From Probabilistic PCA to the GPLVM

A Gaussian process latent variable model (GPLVM) can be viewed as a generalization of probabilistic principal component analysis (PCA) in which the latent maps are Gaussian-process distributed. I discuss this relationship.

Published

14 July 2020

Probabilistic PCA

In probabilistic principal component analysis (PCA), we assume our $D$ -dimensional observations $\mathbf{Y} = [\mathbf{y}_1 \dots \mathbf{y}_N]^{\top}$ are a linear function of $K$ -dimensional latent variables $\mathbf{X} = [\mathbf{x}_1 \dots \mathbf{x}_N]^{\top}$ ,

$\mathbf{y}_n = \mathbf{W} \mathbf{x}_n + \varepsilon_n, \tag{1}$

where $K \ll D$ and $\varepsilon_n \sim \mathcal{N}(0, \sigma^2)$ is random noise. The linear map $\mathbf{W}$ is a $D \times K$ matrix relating the two sets of variables. We further assume

$\mathbf{x}_n \sim \mathcal{N}_K(\mathbf{0}, \mathbf{I}), \tag{2}$

where $\mathcal{N}_K(\cdot, \cdot)$ denotes a $K$ -variate Gaussian. In words, we assume no structure on $\mathbf{x}_n$ . This model is similar to factor analysis but with isotropic rather than non-isotropic Gaussian noise. In the language of factor analysis, $\mathbf{x}_n$ are latent variables, the columns of $\mathbf{X}$ are factors (latent features), and $\mathbf{W}$ are loadings.

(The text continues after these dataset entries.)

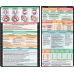 OB Ultrasonography Adhesive Reference Label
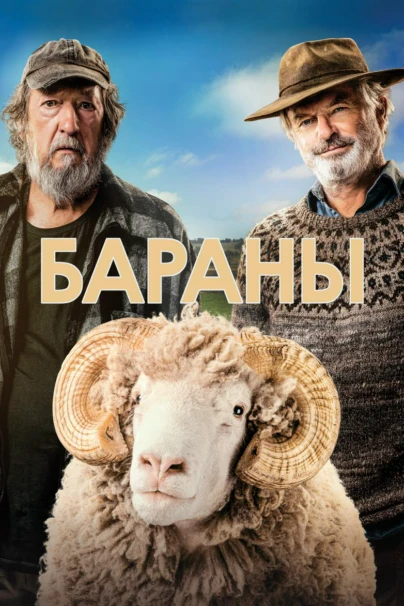 Бараны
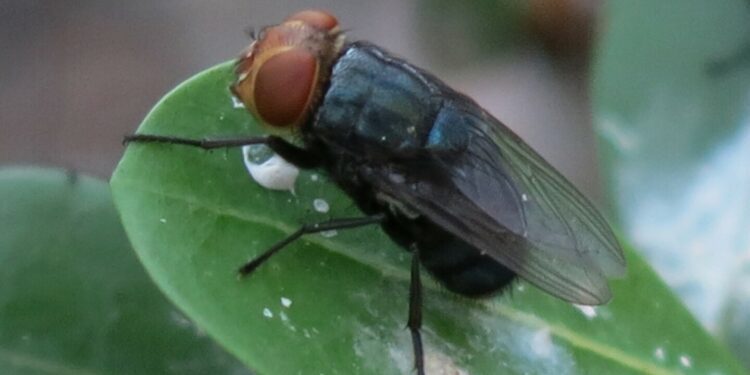 Emergency USDA Funding Available to Protect U.S. Livestock and Animals from New World Screwworm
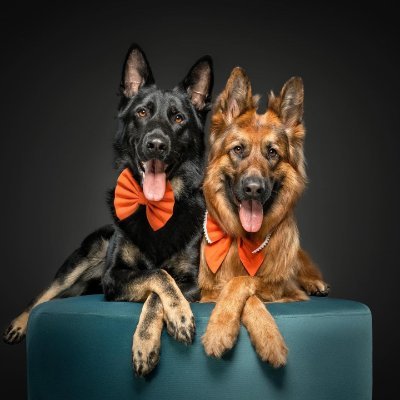 I Just Love My German Shepherd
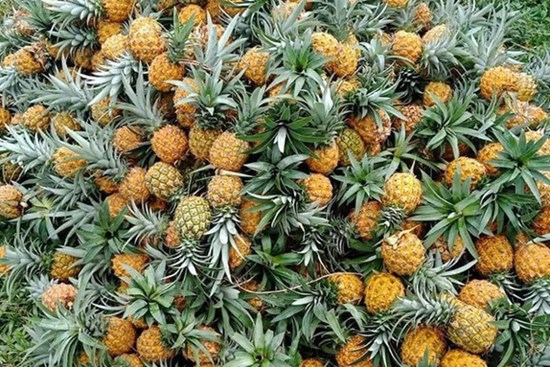 Thực hư dứa Thái mini siêu ngọt giảm giá 'sập sàn' 10.000 đồng/kg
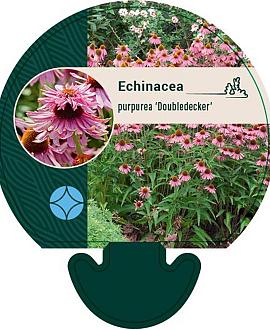Echinacea purp. 'Doubledecker' Pot 9 cm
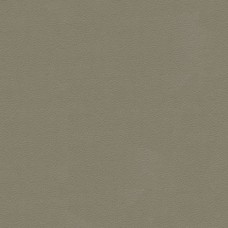 Ткань Kravet fabric ALI.11.0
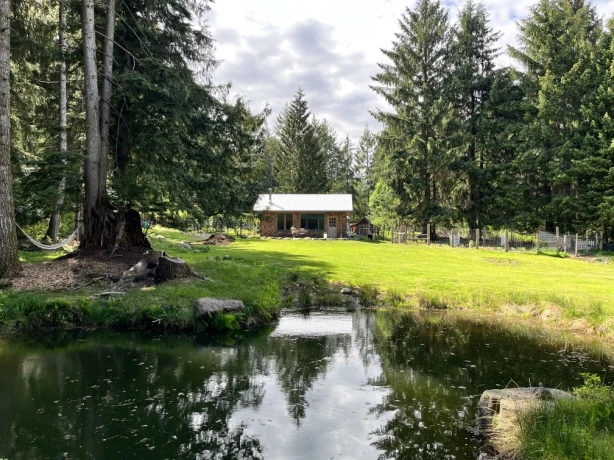 Island Bliss Carol s Garden Workshop 1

If we assume that each observation is i.i.d., then the marginal distribution of $\mathbf{y}_n$ is also Gaussian,

$p(\mathbf{y}_n \mid \mathbf{W}) = \mathcal{N}_D(\mathbf{0}, \underbrace{\mathbf{W}\mathbf{W}^{\top} + \sigma^2 \mathbf{I}}_{\mathbf{C}}). \tag{3}$

The proof of this claim just relies on the fact that since

$p(\mathbf{y}_n, \mathbf{x}_n \mid \mathbf{W}) = p(\mathbf{y}_n \mid \mathbf{x}_n, \mathbf{W}) p(\mathbf{x}_n \mid \mathbf{W}) \tag{4}$

is jointly Gaussian, the marginal $p(\mathbf{y}_n \mid \mathbf{W})$ is also Gaussian. I really should write a blog post proving this type of result, but see Sec. $2.3.3$ in (Bishop, 2006) for a discussion. In effect, we have integrated out the latent variables $\mathbf{X}$ . The log likelihood $\mathcal{L}(\mathbf{W})$ of Eq. $3$ is:

$\begin{aligned} \mathcal{L}(\mathbf{W}) &= \log p(\mathbf{Y} \mid \mathbf{W}) \\ &= \sum_{n=1}^{N} \log p(\mathbf{y}_n \mid \mathbf{W}) \\ &= \sum_{n=1}^{N} \Big[ \log \Big( \frac{1}{\sqrt{(2\pi)^D |\mathbf{C}|}} \Big) - \frac{1}{2} \mathbf{y}_n^{\top} \mathbf{C}^{-1} \mathbf{y}_n \Big] \\ &= \sum_{n=1}^{N} \Big[ - \frac{D}{2} \log 2\pi - \frac{1}{2} \log |\mathbf{C}| - \frac{1}{2} \mathbf{y}_n^{\top} \mathbf{C}^{-1} \mathbf{y}_n \Big] \\ &= -\frac{ND}{2} \log 2\pi - \frac{N}{2} \log |\mathbf{C}| - \frac{1}{2} \sum_{n=1}^{N} \mathbf{y}_n^{\top} \mathbf{C}^{-1} \mathbf{y}_n. \end{aligned} \tag{5}$

Often, the term $\sum_{n=1}^{N} \mathbf{y}_n^{\top} \mathbf{C}^{-1} \mathbf{y}_n$ is written as,

$\begin{aligned} \sum_{n=1}^{N} \mathbf{y}_n^{\top} \mathbf{C}^{-1} \mathbf{y}_n &= \sum_{n=}^{N} \text{tr}\big( \mathbf{C}^{-1} \mathbf{y}_n \mathbf{y}_n^{\top} \big) \\ &= \text{tr}\big( \mathbf{C}^{-1} \sum_{n=}^{N} \mathbf{y}_n \mathbf{y}_n^{\top} \big) \\ &= \text{tr}(\mathbf{C}^{-1} \mathbf{Y}^{\top} \mathbf{Y}). \end{aligned} \tag{6}$

This just uses a trace trick,

$\mathbf{a}^{\top} \mathbf{M}^{-1} \mathbf{a} = \text{tr}(\mathbf{M}^{-1} \mathbf{a} \mathbf{a}^{\top}), \tag{7}$

and the linearity of the trace operation. See here or here for a discussion. To fit probabilistic PCA, we optimize the nonlinear map $\mathbf{W}$ with respect to this marginal log likelihood. (Tipping & Bishop, 1999) proved that the maximum likelihood estimate of $\mathbf{W}$ is equivalent, up to scale and rotation, to the eigenvalue-based solution of standard PCA.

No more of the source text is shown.